* [Goal of the exercise] The listing is to be repeated exactly, and its pictures are to be left out.

* [Available data]
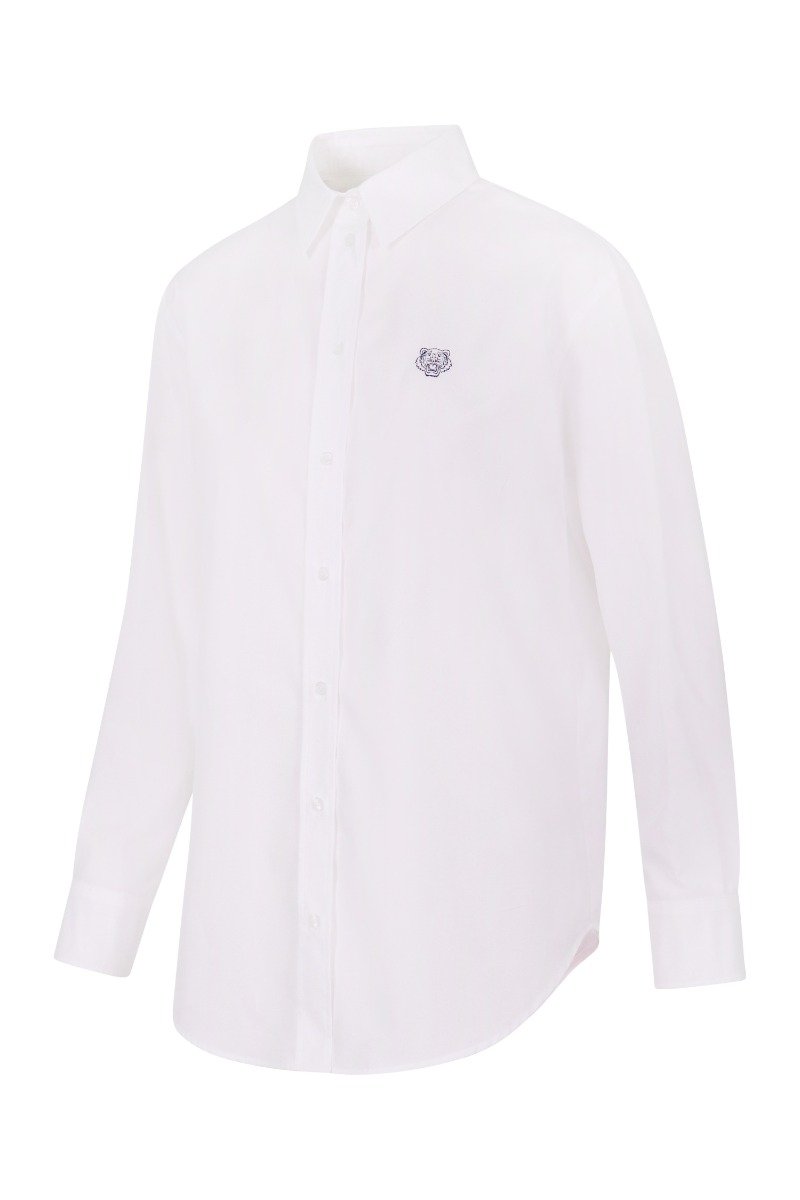 Tiger Shirt Men Fashion Kenzo Paris Cotton Long Sleeve Semi Formal Casual
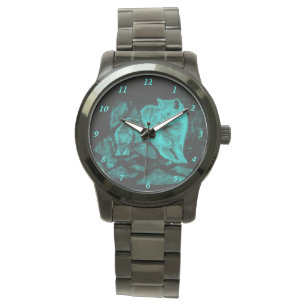 Wolf und Raven in der Nacht Armbanduhr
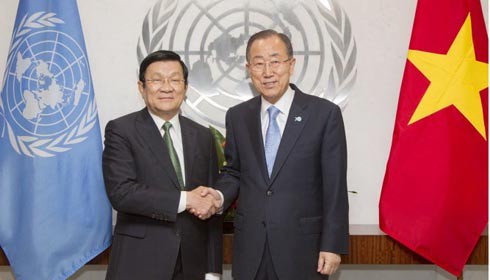 Chủ tịch nước Trương Tấn Sang hội kiến với Tổng Thư ký Liên hợp quốc Ban Ki Moon nhân chuyến dự Hội nghị thượng đỉnh Liên Hợp Quốc.- Ảnh: U.N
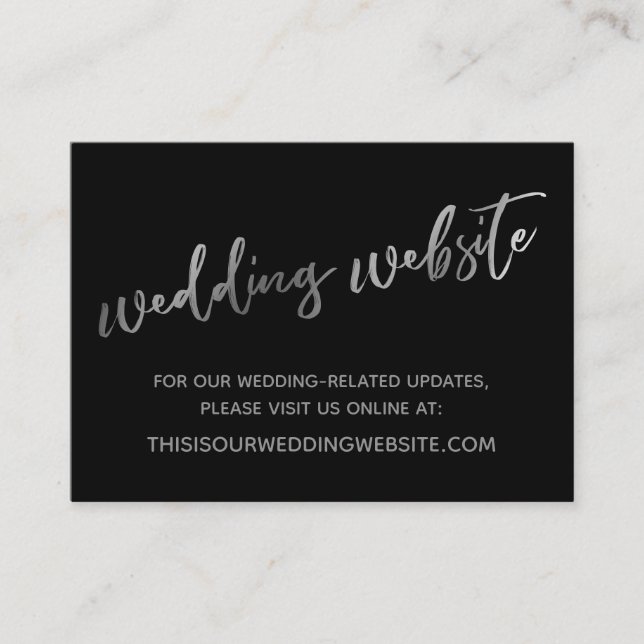 Silver Black Wedding Website & Save the Date Card Visitenkarte (Vorderseite)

* [Solved problem]
 Tiger Shirt Men Fashion Kenzo Paris Cotton Long Sleeve Semi Formal Casual
 Wolf und Raven in der Nacht Armbanduhr
 Chủ tịch nước Trương Tấn Sang hội kiến với Tổng Thư ký Liên hợp quốc Ban Ki Moon nhân chuyến dự Hội nghị thượng đỉnh Liên Hợp Quốc.- Ảnh: U.N
 Silver Black Wedding Website & Save the Date Card Visitenkarte (Vorderseite)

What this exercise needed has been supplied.